You should consume a higher amount of carbs in the morning hours and around your workout. Eating complex carbohydrates in the morning hours will slowly burn and give you energy throughout the day. This gives you the best chance of actually utilizing those carbs. Before and after your workout is another time you will want to consume carbs, but in this case it is actually  ok to consume simple carbs. Fructose is a good option for before the workout. This is found in fruit such as an apple, for example.

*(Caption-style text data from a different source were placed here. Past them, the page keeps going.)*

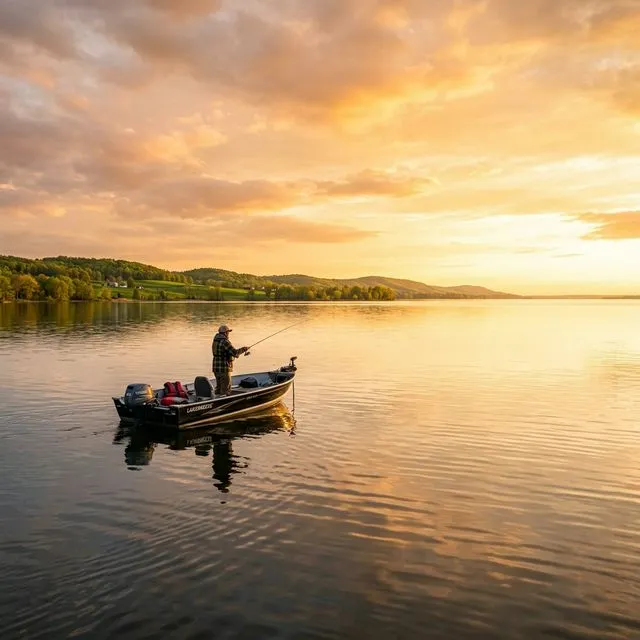 An angler casting from a fishing boat on Lake Winnebago, Wisconsin at golden hour, with vast calm water stretching to the horizon and lush green Wisconsin farmland visible on the distant shore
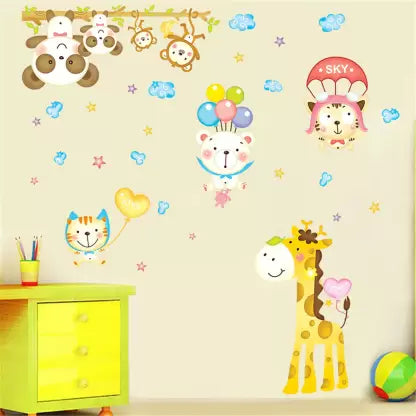 Cute Bear Monkey Giraffe Animal Under Sky Decals For Kids Room Wall Sticker Abc1010
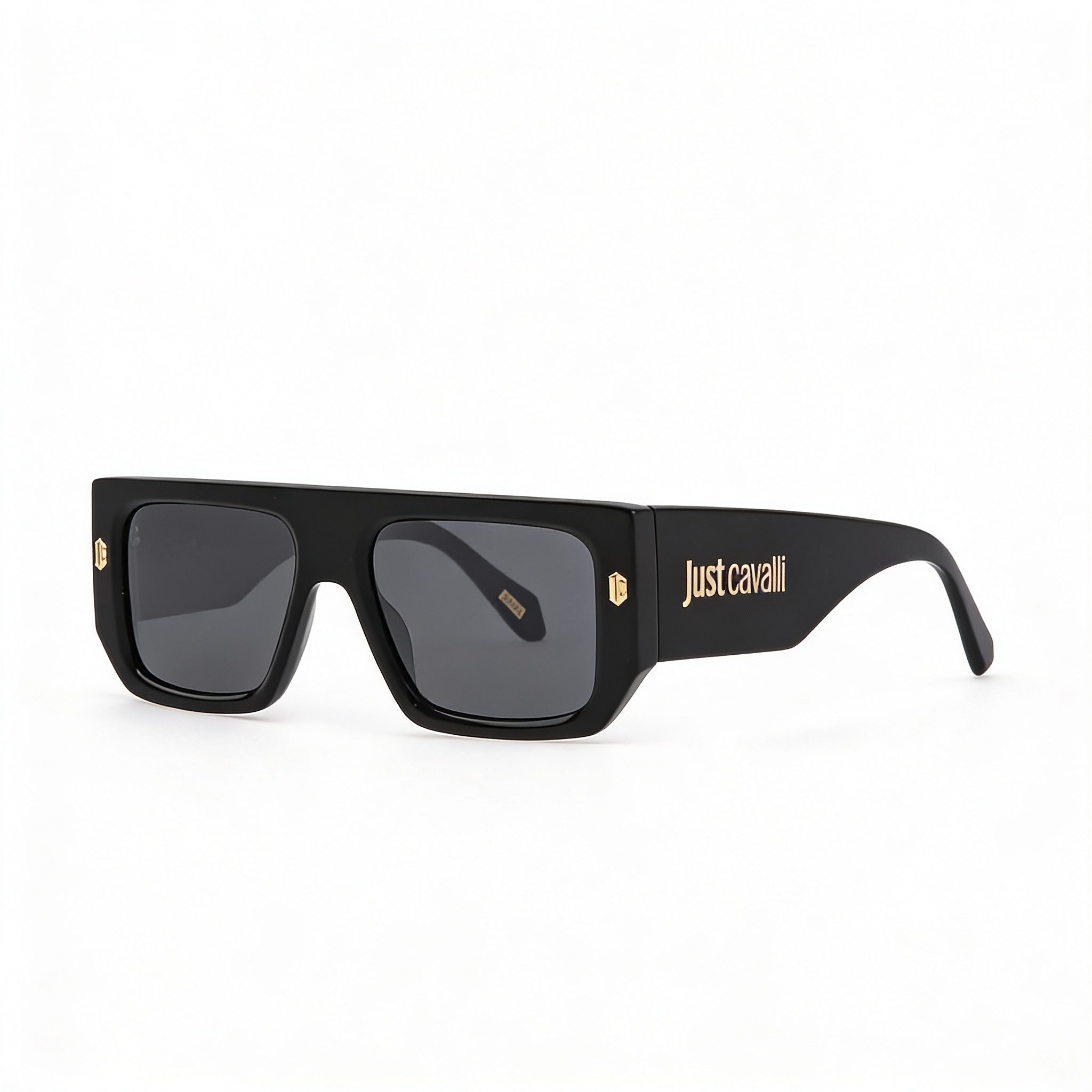 Just Cavalli SJC022 Women's Aviator Shiny Black Frame Smoke Mirror Silver Lens UV Protected Sunglasses 56mm, Photo 3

Dextrose is another simple sugar and is probably the fastest digesting simple carb that is best consumed during or immediately after your routine. It can be found in products such as Pixie Stix or gummy bears. I personally consume Jym’s Fast-Digesting Carbs post-workout to quickly replenish my glycogen stores, improve recovery, and to feel less drained after my routine (Also, get 15% off with code: WELLNESS101). You can also see more of my workout supplementation here. Knowing this, if you are looking for the best time to have a cheat meal, it would be directly after a hard workout so that your muscles can quickly absorb those carbs and make the best use of them. I try to avoid carbs at night as much as I can. If you do eat carbs at night, opt for a complex carb that will slowly digest throughout the night as you sleep.

Summary

Carbs are not the enemy. We just need to be educated on how our body uses carbs and eat them with that aim. Carbs are our body’s quick-burning fuel source. Consume them in equal proportion with your activity level and you won’t need to cut carbs out of your diet completely in order to lose weight. Aim for complex carbohydrates, and only consume simple carbs around your workout. If you consume a higher proportion of your carbohydrates in the morning hours and around your workouts, you will have the best chance of using these carbs as energy and not storing them as fat or stored energy in the body. As with most aspects of your diet, it is all about a proper balance.